▶ **Input records**:

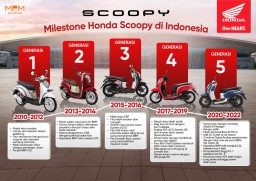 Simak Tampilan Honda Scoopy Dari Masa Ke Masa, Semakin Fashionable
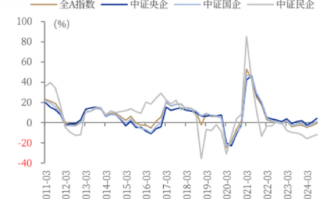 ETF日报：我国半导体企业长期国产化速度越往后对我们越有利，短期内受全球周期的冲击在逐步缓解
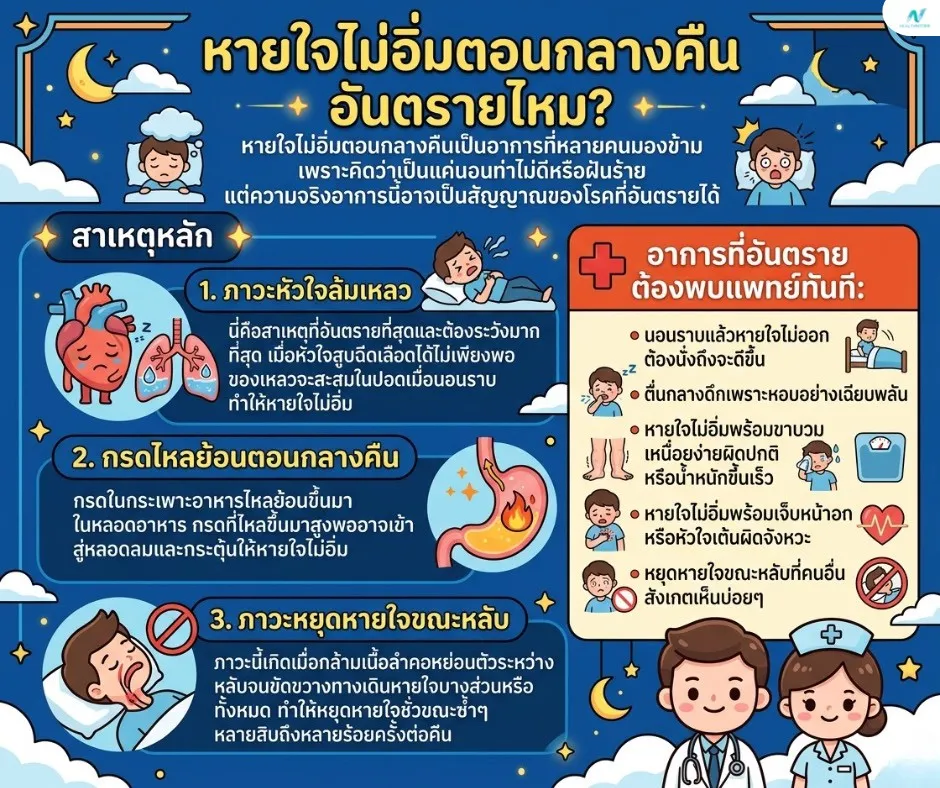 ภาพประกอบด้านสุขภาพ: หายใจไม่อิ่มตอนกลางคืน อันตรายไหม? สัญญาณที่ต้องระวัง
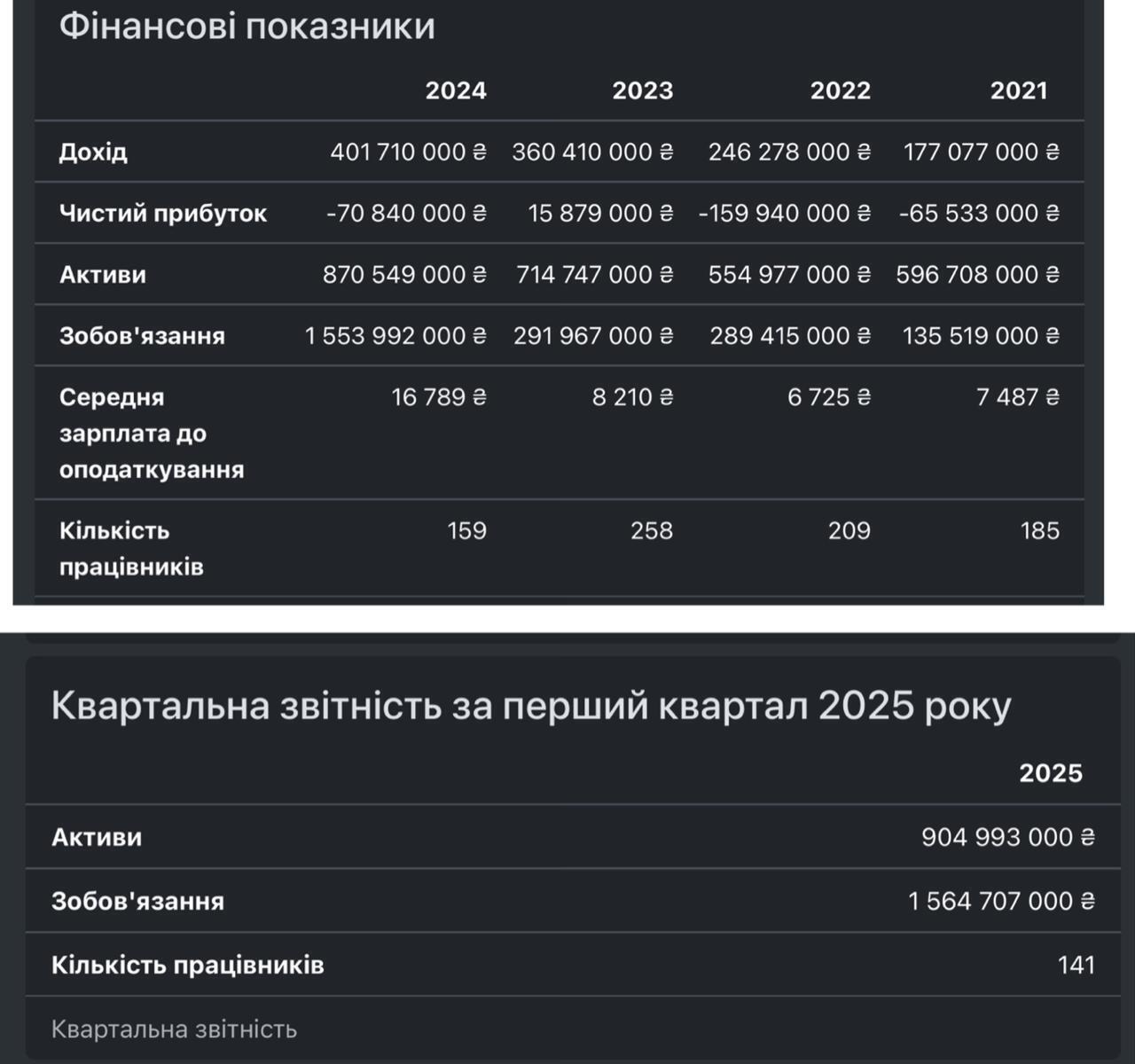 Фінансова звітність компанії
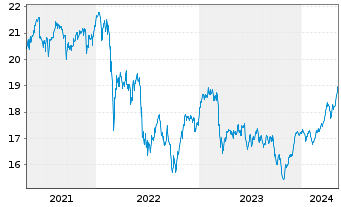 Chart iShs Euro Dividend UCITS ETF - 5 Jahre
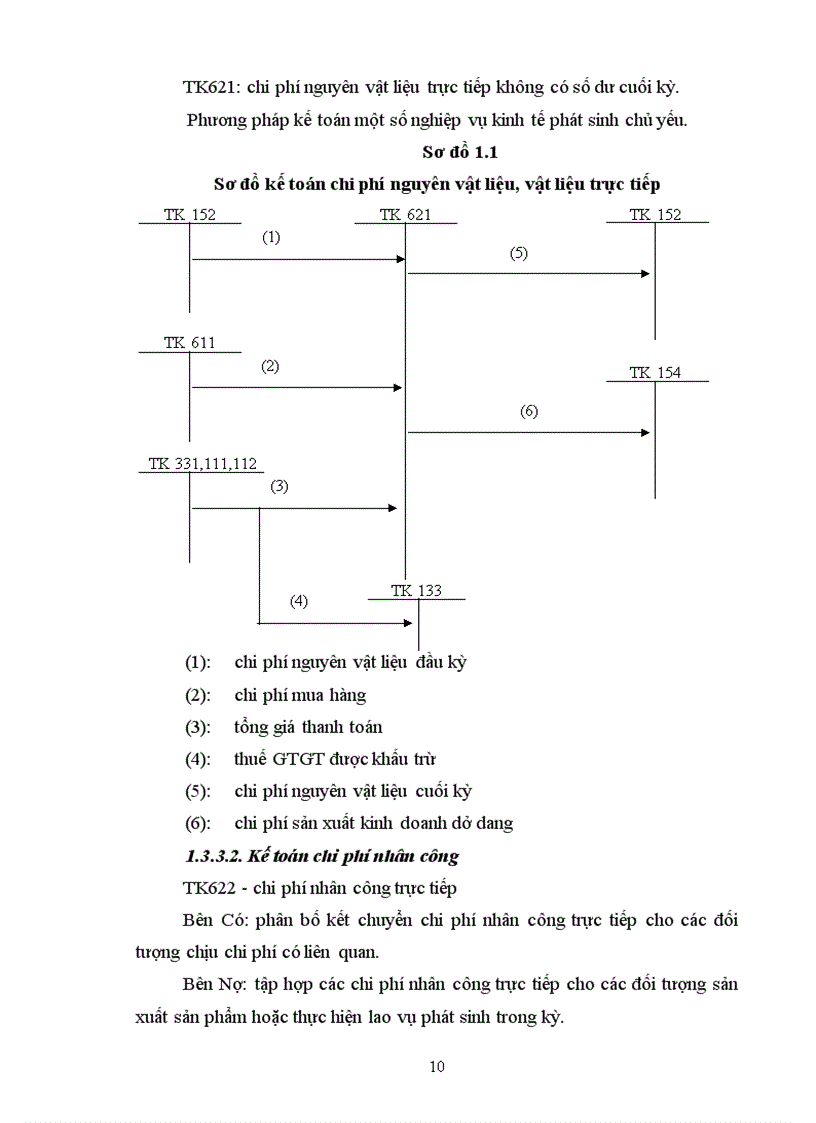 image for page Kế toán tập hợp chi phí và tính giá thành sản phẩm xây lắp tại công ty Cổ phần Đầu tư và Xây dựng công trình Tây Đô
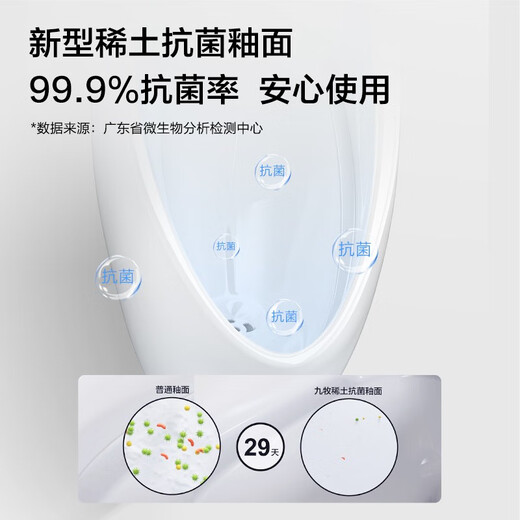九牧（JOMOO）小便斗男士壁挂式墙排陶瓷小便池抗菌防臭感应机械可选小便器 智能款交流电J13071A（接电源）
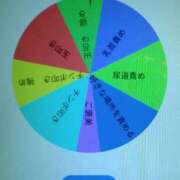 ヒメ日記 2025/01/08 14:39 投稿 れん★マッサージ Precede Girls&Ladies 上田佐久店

▶ **What needs to be done**:
Copy out only the lines from the one containing "image for page" to the end of the entries, unchanged. Drop the pictures.

▶ **Task response**:
 image for page Kế toán tập hợp chi phí và tính giá thành sản phẩm xây lắp tại công ty Cổ phần Đầu tư và Xây dựng công trình Tây Đô
九牧（JOMOO）小便斗男士壁挂式墙排陶瓷小便池抗菌防臭感应机械可选小便器 智能款交流电J13071A（接电源）
 ヒメ日記 2025/01/08 14:39 投稿 れん★マッサージ Precede Girls&Ladies 上田佐久店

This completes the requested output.